TO DO — Exactly the lines below starting at the line with "Stati Uniti d'America, Louisiana, Slave" and ending at the line with "Samsung MG23K3575AS/SV manual Oven use" are wanted, with both ends included. Leave out the pictures and add no other lines.

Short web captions
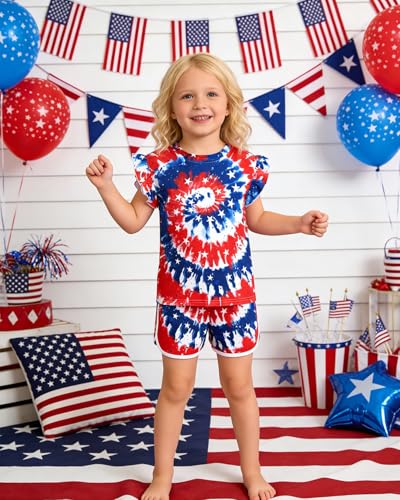 Image of Toddler Girls July 4th Shirts American Flag Ruffle Short Sleeve Patriotic Red White Blue Star Outfits Blouse Tops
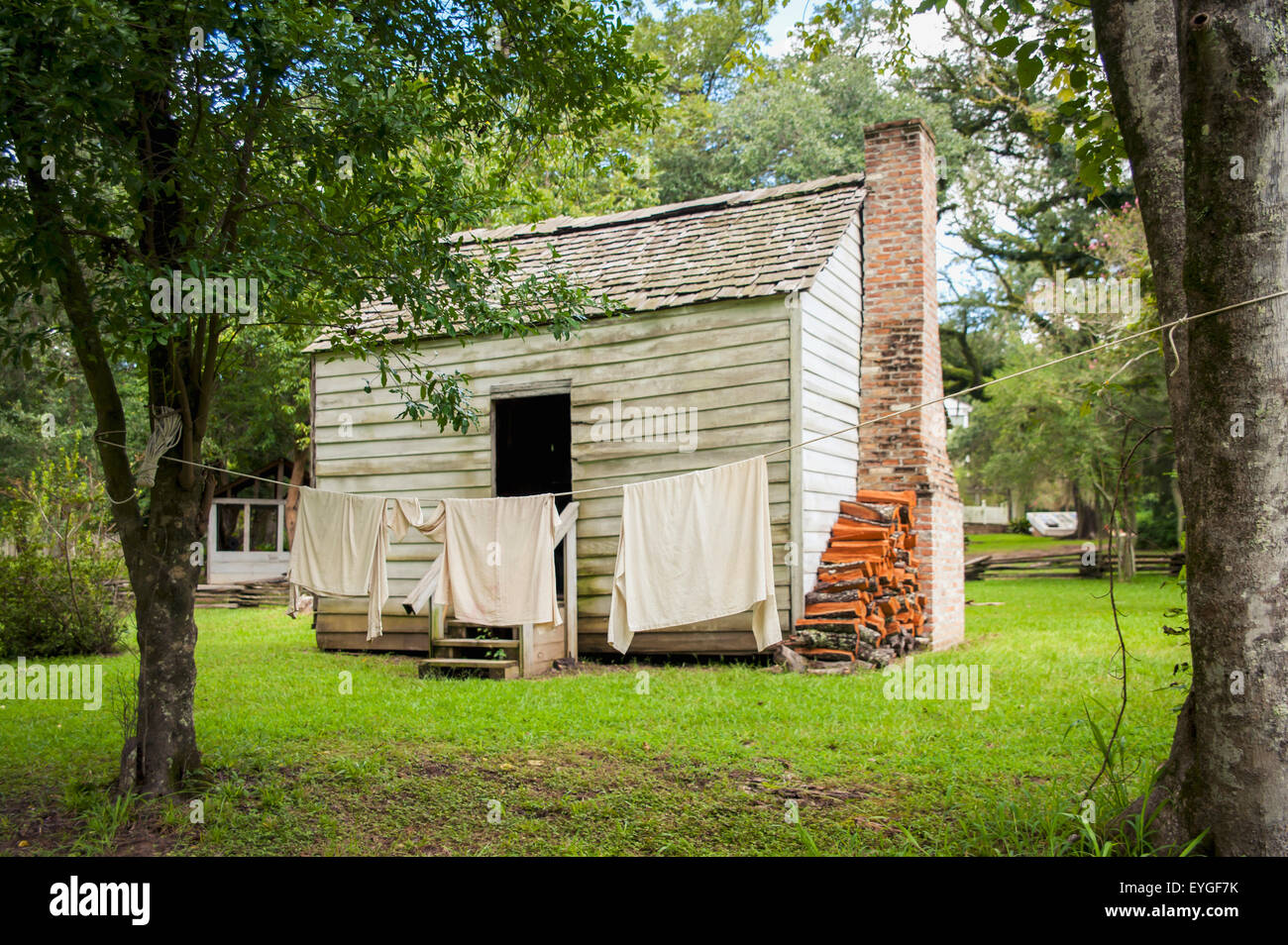 Stati Uniti d'America, Louisiana, Slave cabina in piantagione di Oakley; Audubon membro Foto Stock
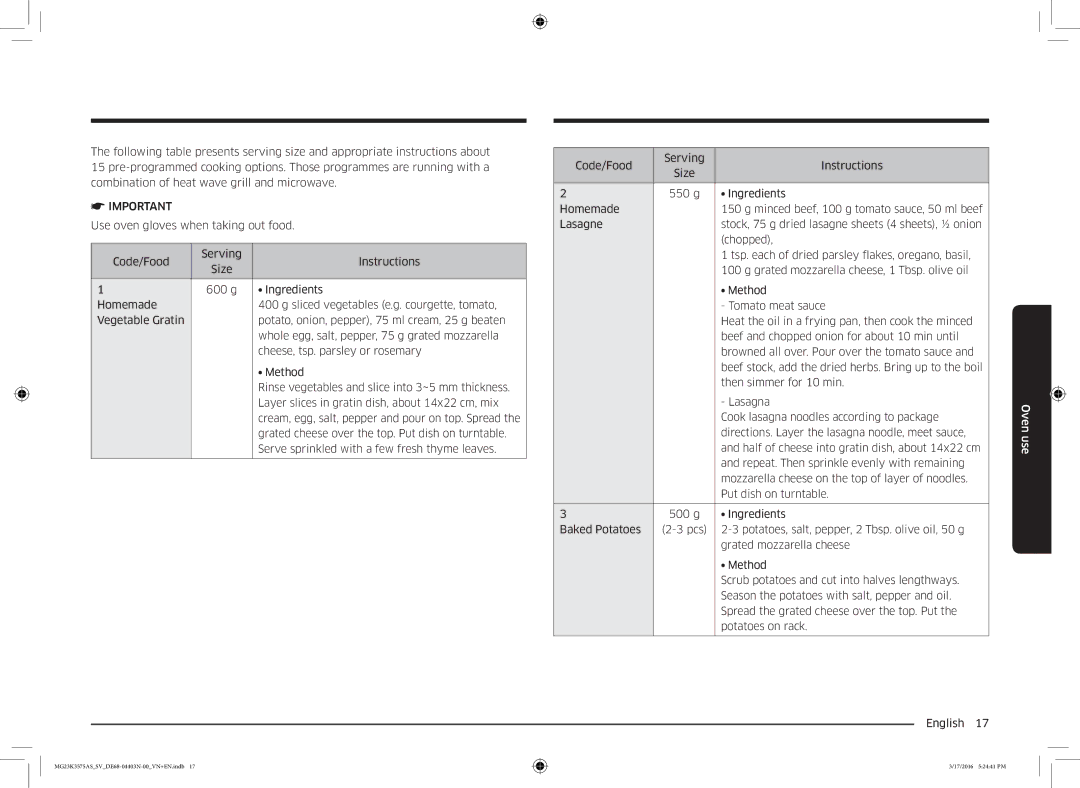 Samsung MG23K3575AS/SV manual Oven use 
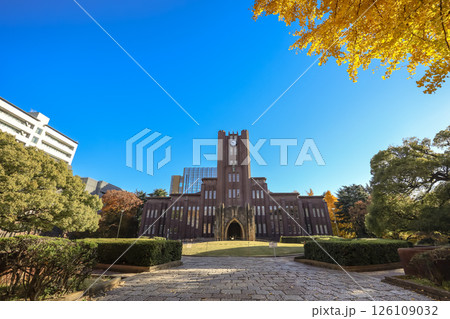 University Building in Autumn with Blue Sky and Green Lawn, Tokyo Dec 7 2024 University Building in Autumn with Blue Sky and Green Lawn, Tokyo Dec 7 2024 126109032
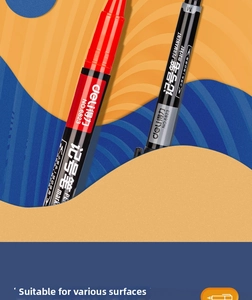 Close-up of Deli dual-tip permanent marker with red and black ink and pocket clip cap
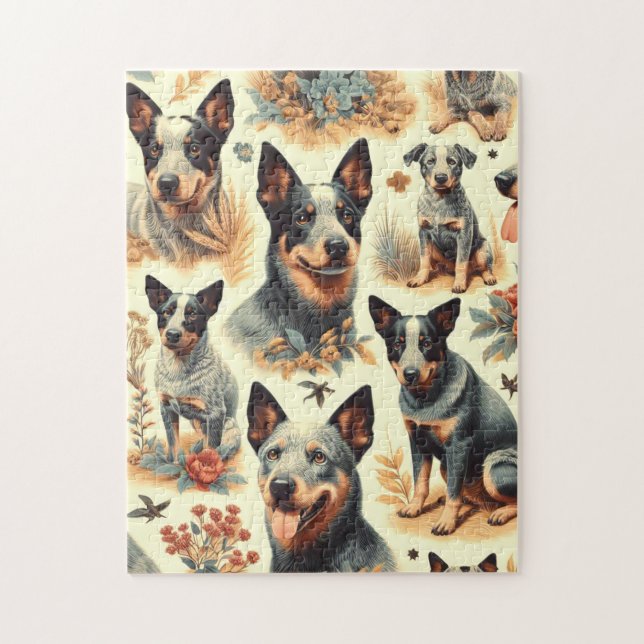 Vintage Australian Cattle  Seamless Jigsaw Puzzle (Vertical)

REPLY TO THE EXERCISE —
 Stati Uniti d'America, Louisiana, Slave cabina in piantagione di Oakley; Audubon membro Foto Stock
 Samsung MG23K3575AS/SV manual Oven use 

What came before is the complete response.